The ideal batch size to test here would be 4*6=24. And multiples of 24 thereafter. Also it is true that the actual bottleneck might be IO at this point.

alexpolichroniadis on 18 Mar 2019

👍1

Updated times with batch_size=24, and comparison to existing study.

https://cloud.google.com/deep-learning-vm/
Machine type: n1-highmem-4 (4 vCPUs, 26 GB memory)
CPU platform: Intel Skylake
GPUs: 1-4 x NVIDIA Tesla P100
HDD: 100 GB SSD

GPUs | batch_size | 613ce1be1aac84c729bb1e77b029df260644cc1c | COCO epoch
--- |---| --- | ---
(P100) | (images) | (s/batch) | (min/epoch)
1 | 24 | 0.84s | 70min
2 | 48 | 1.27s | 53min
4 | 96 | 2.11s | 44min

Comparison results from https://github.com/ilkarman/DeepLearningFrameworks
Screenshot 2019-03-19 at 16 36 24

glenn-jocher on 19 Mar 2019

👍1

https://cloud.google.com/deep-learning-vm/
Machine type: n1-standard-8 (8 vCPUs, 30 GB memory)
CPU platform: Intel Skylake
GPUs: 1-4 x NVIDIA Tesla P100
HDD: 100 GB SSD

GPUs | batch_size | speed | COCO epoch
--- |---| --- | ---
(P100) | (images) | (s/batch) | (min/epoch)
1 | 16 | 0.39s | 48min
2 | 32 | 0.48s | 29min
4 | 64 | 0.65s | 20min

glenn-jocher on 21 Mar 2019

👍3 🎉2

@glenn-jocher I never noticed that the default for the dataloder's num_workers set to 0 because I set it manually all the time, whoops. 😅

Good results indeed. In line with what I was getting.

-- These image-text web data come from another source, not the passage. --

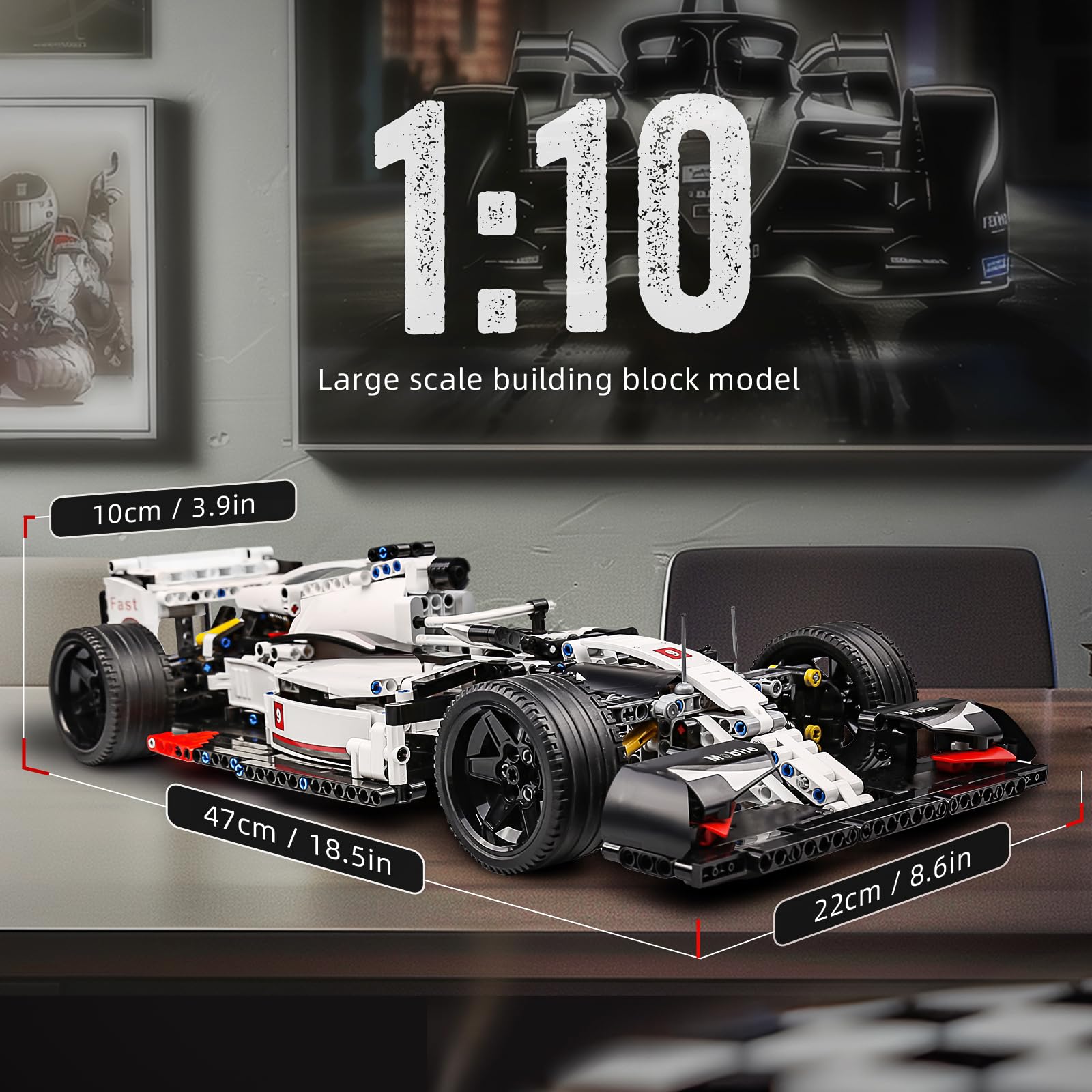 Mould King Technik Formula Rennauto Bausteine, 1235 Teile Statische Version Sportwagen Bauset, Rennwagen Bausatz als Geschenk/Spielzeug für Jungen & Mädchen ab 10 Jahren oder Erwachsene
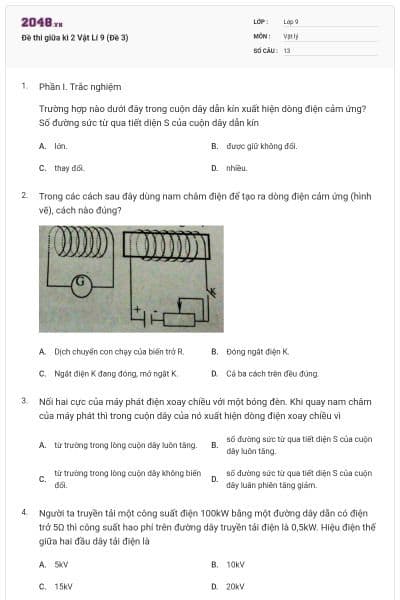Đề thi giữa kì 2 Vật Lí 9 (Đề 3)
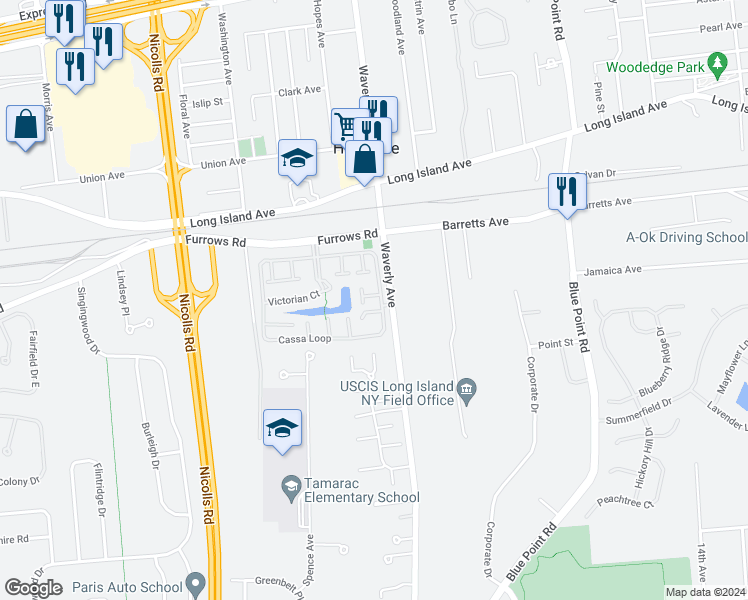 map of restaurants, bars, coffee shops, grocery stores, and more near 210 Cassa Loop in Holtsville
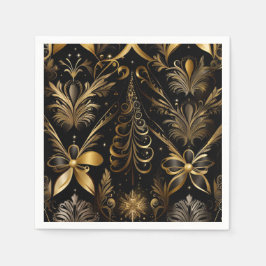 Guardanapo De Papel Ornamentado Feriado Preto E Dourado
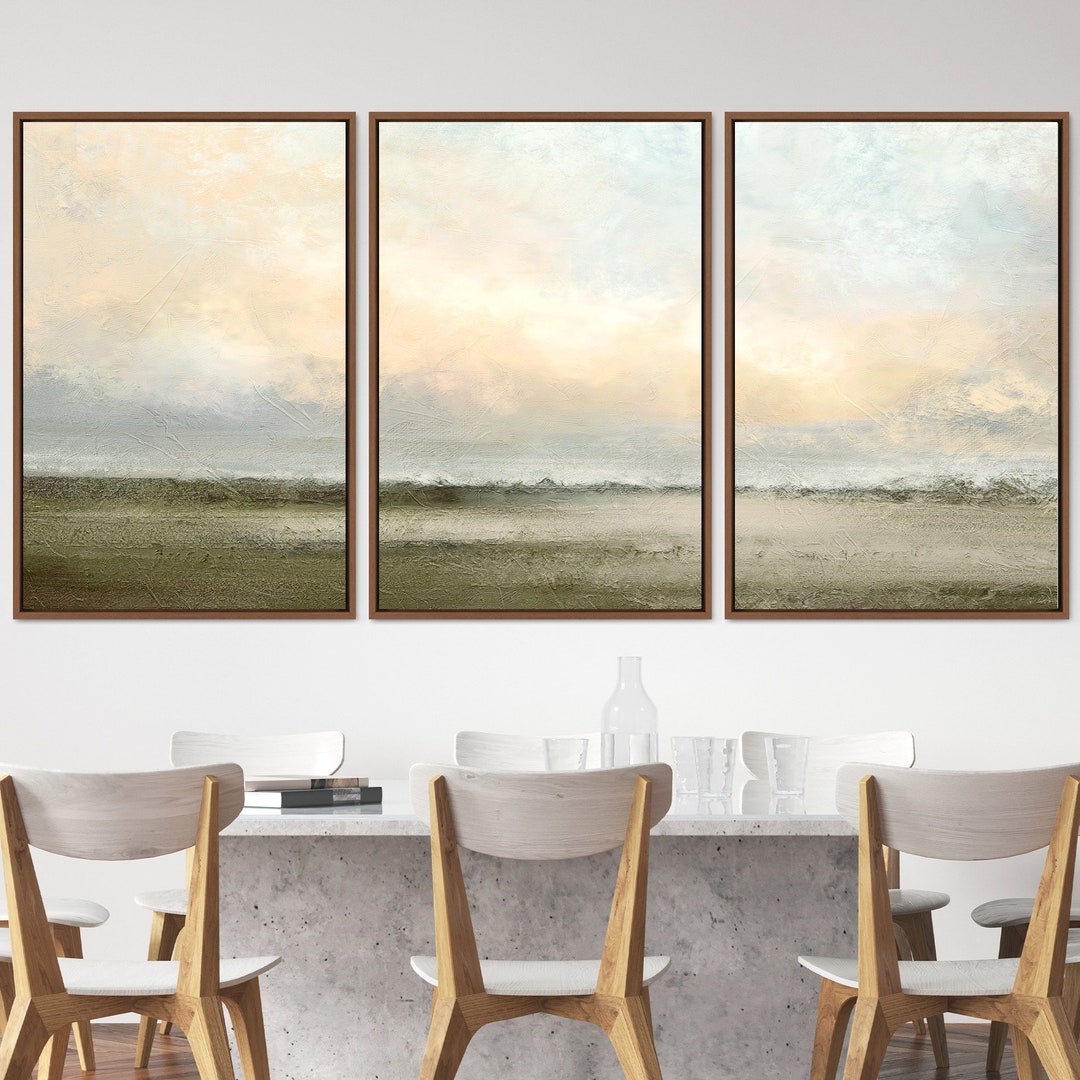 3 Piece Canvas Wall Art Set, Minimal Pastel Sunset Desert, Landscape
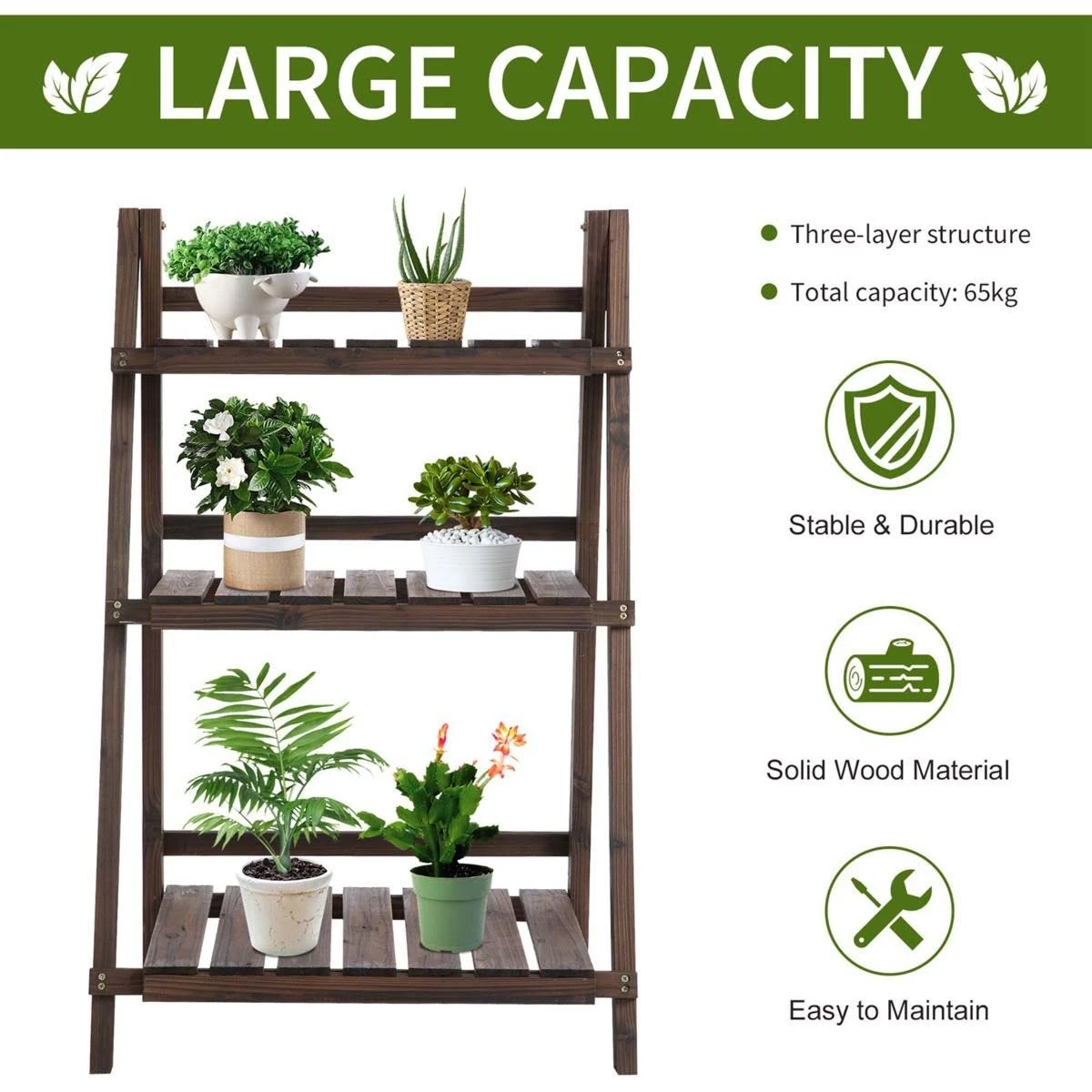 Outsunny Wooden Three Tier Plant Shelf Unit - Image 4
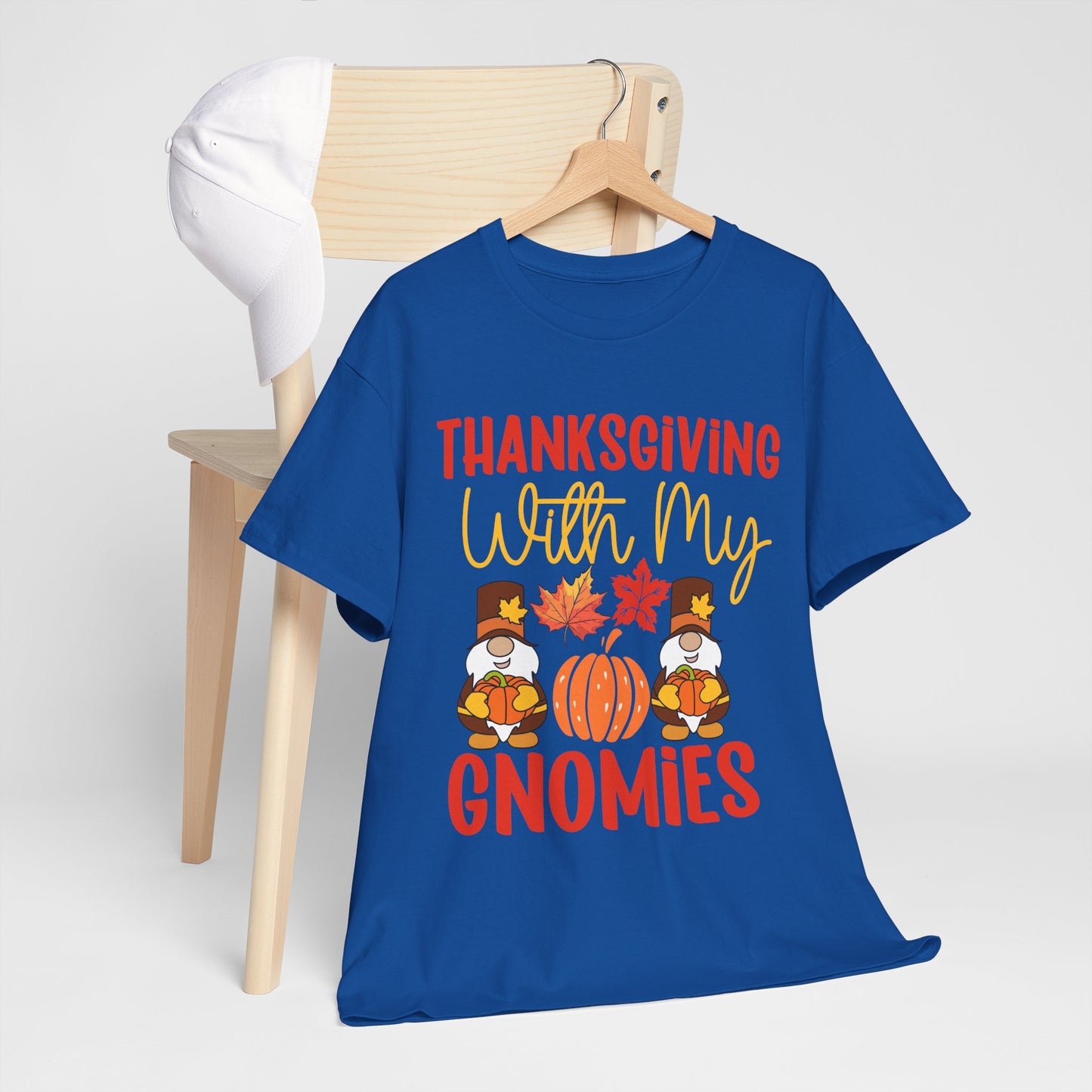 Thanksgiving With My Gnomies T-Shirt - Cute Fall Gnome Family Tee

alexpolichroniadis on 21 Mar 2019

Had the same issue. But I've used this repo on multi-GPU before and it's worked well. Somebody had posted saying the batch-size in the last iteration might be lesser than the batch-size given during training so I removed a few images to make the validation set images a multiple of 8, as I'd given 8 as my batch-size during training and it solved the issue.